From May to late June of 2012, Rosenblum raised insider trading concerns with various supervisors and compliance personnel within Thomson, but was repeatedly rebuffed by management. Finally, in late June 2012, Rosenblum contacted the Federal Bureau of Investigation (“FBI”) to detail Thomson’s ongoing practice, which he believed violated the Securities and Exchange Act of 1934. That same day, he informed Thomson management that he had reported the company’s practices to the FBI. Thomson terminated Rosenblum’s employment several weeks later.
Rosenblum thereafter sued his former employer in SDNY, alleging that his discharge violated the Dodd-Frank Act’s anti-retaliation provision. In moving to dismiss Rosenblum’s lawsuit, Thomson contended that Rosenblum’s claim lacked legal merit because, according to Thomson, the Dodd-Frank Act does not protect employees who complain internally (as opposed to externally, i.e., to the SEC). In support of this argument, Thomson relied on the U.S. Court of Appeals for the Fifth Circuit’s holding in Asadi v. G.E. Energy (USA), L.L.C. At issue in Asadi was whether the Dodd-Frank Act’s anti-retaliation provision covers internal complaints, an analysis that required the Fifth Circuit to address an arguable conflict between the Act’s statutory definition of “whistleblower” and the scope of protected activity under the Act.
The Dodd-Frank Act defines “whistleblower” as “any individual who provides . . . information relating to a violation of the securities laws to the [SEC].” (Emphasis added). However, the Dodd-Frank Act’s whistleblower protection provision further provides that an employer cannot retaliate against a “whistleblower” who makes “disclosures that are required or protected under the Sarbanes-Oxley Act of 2002[.]” Because the Sarbanes-Oxley Act protects employees who complain internally about various forms of fraud, the Dodd-Frank Act’s definition of “whistleblower” – i.e., someone who complains externally to the SEC – arguably conflicts with the fact that the statute also protects employees who make disclosures protected under the Sarbanes-Oxley Act (i.e., internal disclosures to management).

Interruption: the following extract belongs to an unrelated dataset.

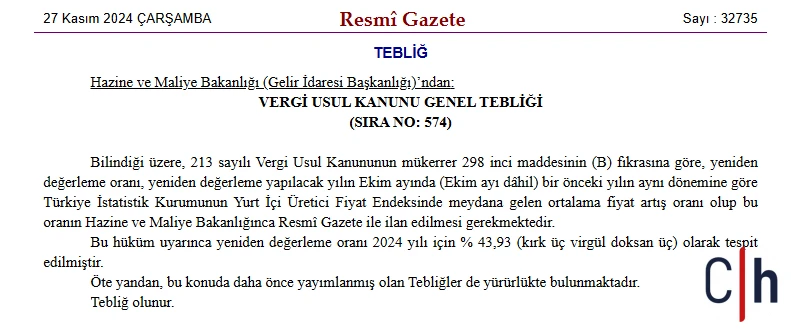 Yeniden Degerleme Orani Resmi Gazete De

In 2011, the Securities and Exchange Commission (“SEC”) resolved this conflict in favor of affording greater protection to whistleblowers. The SEC promulgated a formal rule stating that the Dodd-Frank Act’s whistleblower retaliation provision covers all reports of fraud that are also covered under the Sarbanes-Oxley Act’s whistleblower retaliation provision, including internal reports. Despite the existence of the SEC rule, the Fifth Circuit in Asadi determined that the Dodd-Frank Act’s “unambiguous” statutory language makes clear that the Act protects only employees complain externally to the SEC.

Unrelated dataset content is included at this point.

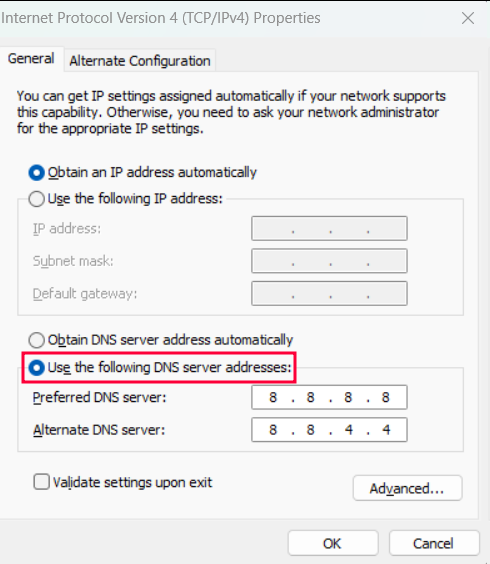 Gambar 4. Tampilan TCP/IPv4 Properties untuk mengubah DNS Server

The SDNY court in Rosenblum rejected the Fifth Circuit’s reasoning and, like the SEC, found that the Dodd-Frank Act’s anti-retaliation provision protects employees who make internal complaints. In support of this holding, the Rosenblum court pointed to an earlier SDNY ruling (Murray v. UBS Securities, LLC,), where the court had similarly found that internal reports of fraud were protected under the Dodd-Frank Act’s whistleblower retaliation provision.
Given that the SDNY is the federal judicial district which encompasses all of Manhattan, the SDNY’s rejection of Asadi and continued commitment to protecting whistleblowers is a boon for the many securities and financial services whistleblowers working in the nation’s financial epicenter.